This week's FiveThirtyEight Riddler asks the following question:
Assuming we don’t know anything about the strengths of the teams in the tournament, what are the chances that any pair of teams in a 32-team World Cup plays each other twice? (Given the way the World Cup bracket works, their first encounter would be in the round-robin, three-game group stage, with their second encounter in the final or the third-place game.)
Extra credit: What would those chances have been given FiveThirtyEight’s pre-tournament odds for this year’s field?Thanks to my pre-built World Cup simulator, it was pretty easy to adapt it to answer these questions. I set every team's strength equal and removed home field advantage (maybe this tournament is played on the moon) so that every single game is equal. After 100,000 simulations, the odds of having ANY two teams meet again in either the final and/or third place game is about 22% (this actually isn't too hard to calculate mathematically either; more on that later).

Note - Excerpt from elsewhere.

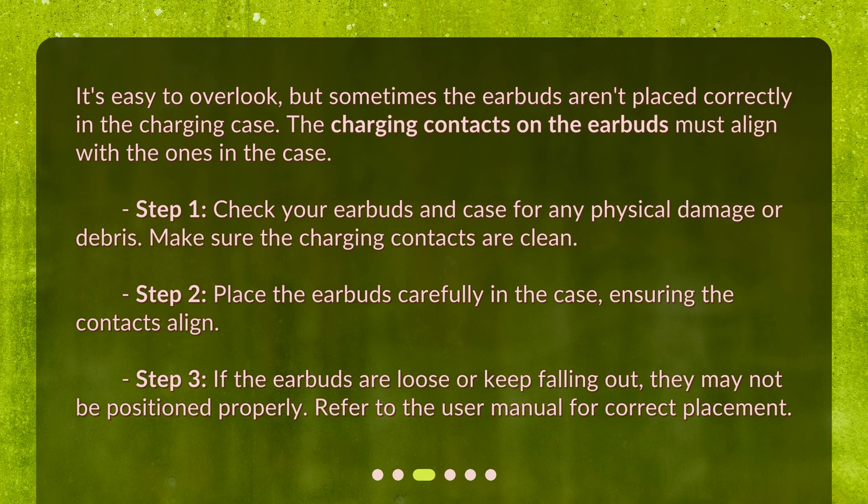Step 3: if the earbuds are loose or keep falling out, they may not be positioned properly. Refer to the user manual for correct placement.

For the "extra credit" piece, I took FiveThirtyEight's pre-tournament rankings and ran them through my simulator as well. I used 0.5 goals for home field and an assumed standard deviation in scores of 1.62 (which appears to match FiveThirtyEight's assumptions after I fit my probability formulas against their output). Surprisingly, I actually got a different answer from them after 100,000 runs: 19.5%. I suspect my decreased likelihood is due to an assumption of more randomness in matches (thus decreasing the chance of the strongest teams meeting again).

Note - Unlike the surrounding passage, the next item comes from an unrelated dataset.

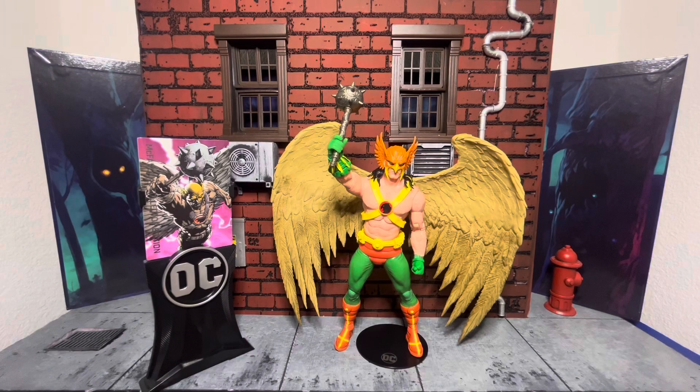So we have the McFarlane Platinum Edition Hawkman all out of the package looking glorious. This is a rather unfortunate situation because this is the OG Classic Hawkman we've all been waiting for, and he's a Platinum Edition — he's a chase. You have to find him, you have to put in work, you have to enter raffles, or you might have to pay over retail on eBay because somebody wants to resell it for triple, quadruple the price.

The top frequencies of rematches (from before the start of the tournament) were as follows (with the top 5 outcomes still possible):
Now for the straight math answer. Since all opponents are exactly the same, you can assume any two teams make it out of the group, and all pairs of teams that advance have already played each other once in the round robin.

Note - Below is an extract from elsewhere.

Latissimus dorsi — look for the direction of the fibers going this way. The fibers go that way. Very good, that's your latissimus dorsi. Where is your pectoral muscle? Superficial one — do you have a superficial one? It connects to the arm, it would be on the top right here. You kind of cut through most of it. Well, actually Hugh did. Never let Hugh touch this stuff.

So the only math you need to do is on the bracket. From there, every team has a 50% chance of winning each game, which means any one team has a 12.5% of making the final or third place game. You can fix one team on one side of the bracket, and just need the probability that their counterpart makes it, which is 12.5% as well. With both the championship and third place match possible, you have 2 chances, or 12.5% + 12.5%. But these two events can also happen at the same time if a rematch happens in the final AND the third place game: 25%*25%*50% = 3.125%. So you have to subtract that occurrence: 12.5% + 12.5% - 3.125% = 21.875%.